Oh, no, don't evaluate that QuerySet!

153 views

Skip to first unread message

Karen Tracey

unread,

Aug 23, 2006, 10:20:09 PM8/23/06

to Django users

I hit an interesting gotcha when passing a QuerySet in a template
context: if the template tries to access a nonexistant context
variable, the QuerySet gets evaluated. More than that, it gets repr()
called on it, which can be quite expensive for a large QuerySet. (In
fact it brings my poor machine to its knees while it tries to stuff the
more than 500,000 rows from the table into a string representation of
itself.)

It is this line in template/__init.py__ that does it (resolve_variable
[__init__.py:657]):

raise VariableDoesNotExist, "Failed lookup for key [%s] in %r" %
(bits[0], current)

bits[0] is the variable my template was trying to access (it was doing
{% if title %} and title wasn't being set by the calling code if no
title was to be output). current is the context, which happenened to
contain my potentially very large QuerySet. The template code itself
was only going to call count() on the QuerySet and then pass it on to a
template tag that would wrap it in a paginator before ever trying to
pull any values from the database. Meanwhile, the code that was
calling resolve_variable is this (resolve [__init__.py:548]):

def resolve(self, context, ignore_failures=False):
try:
obj = resolve_variable(self.var, context)
except VariableDoesNotExist:
if ignore_failures:
return None
else:
return settings.TEMPLATE_STRING_IF_INVALID

Regardless of the setting of ignore_failures, that ginormous string
resolve_variable was trying to build is going to get tossed away. I
realize it's used in other cases ('cause I think I've seen the message
when I've tried to access a non-existant variable in places where it is
absolutely needed), but I wonder if it's a good idea to be trying to
stuff the whole context into a string.

Anyway, things I've learned:

- It's better to explictly set a context variable to False vs. just not
setting it. (This perhaps should have been obvious, but it never
occurred to me that a side-effect of not setting a variable would be
the whole context getting stuffed into a string.)
- It's bad to pass around "bare" potentially large QuerySets. Wrapping
them up in a little object prevents unintentional evaluation.

Something I wonder:

Might it be a good idea to limit the size of the result of repr() on a
QuerySet? Other places where I have run into trouble here is in trying
to step through code in the debugger (Eclipse/PyDev) when I have a
potentially huge QuerySet variable -- the debugger goes out to lunch as
it tries to show me what's in it.

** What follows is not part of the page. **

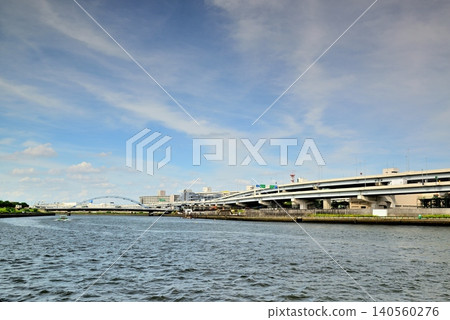 A view of the Suijin Ohashi Bridge over the Sumida River in Tokyo. A view of the Suijin Ohashi Bridge over the Sumida River in Tokyo. 140560276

I believe it would only show me a
small portion of it if it could (like it does for strings) but
something underlying is trying to generate the whole thing, and that's
just impossible given the limits of my machine and the size of the
table. Also if I have a bug in my code (invalid syntax, unhandled
exception), the framework tries to helpfully generate a page showing
all the local variables, etc. (since I have debug set to True in my
settings file), but it's never able to complete that task either in
this case.

The documentation
(http://www.djangoproject.com/documentation/db_api/#when-querysets-are-evaluated)
says this about repr(): "A QuerySet is evaluated when you call repr()
on it. This is for convenience in the Python interactive interpreter,
so you can immediately see your results when using the API
interactively." Would it not retain its convenience but be a bit safer
to truncate the repr() output after some limit?

Karen

Russell Keith-Magee

unread,

Aug 25, 2006, 10:06:47 PM8/25/06

to django...@googlegroups.com

On 8/24/06, Karen Tracey <gray...@bellsouth.net> wrote:

Anyway, things I've learned:

- It's better to explictly set a context variable to False vs. just not
setting it. (This perhaps should have been obvious, but it never
occurred to me that a side-effect of not setting a variable would be
the whole context getting stuffed into a string.)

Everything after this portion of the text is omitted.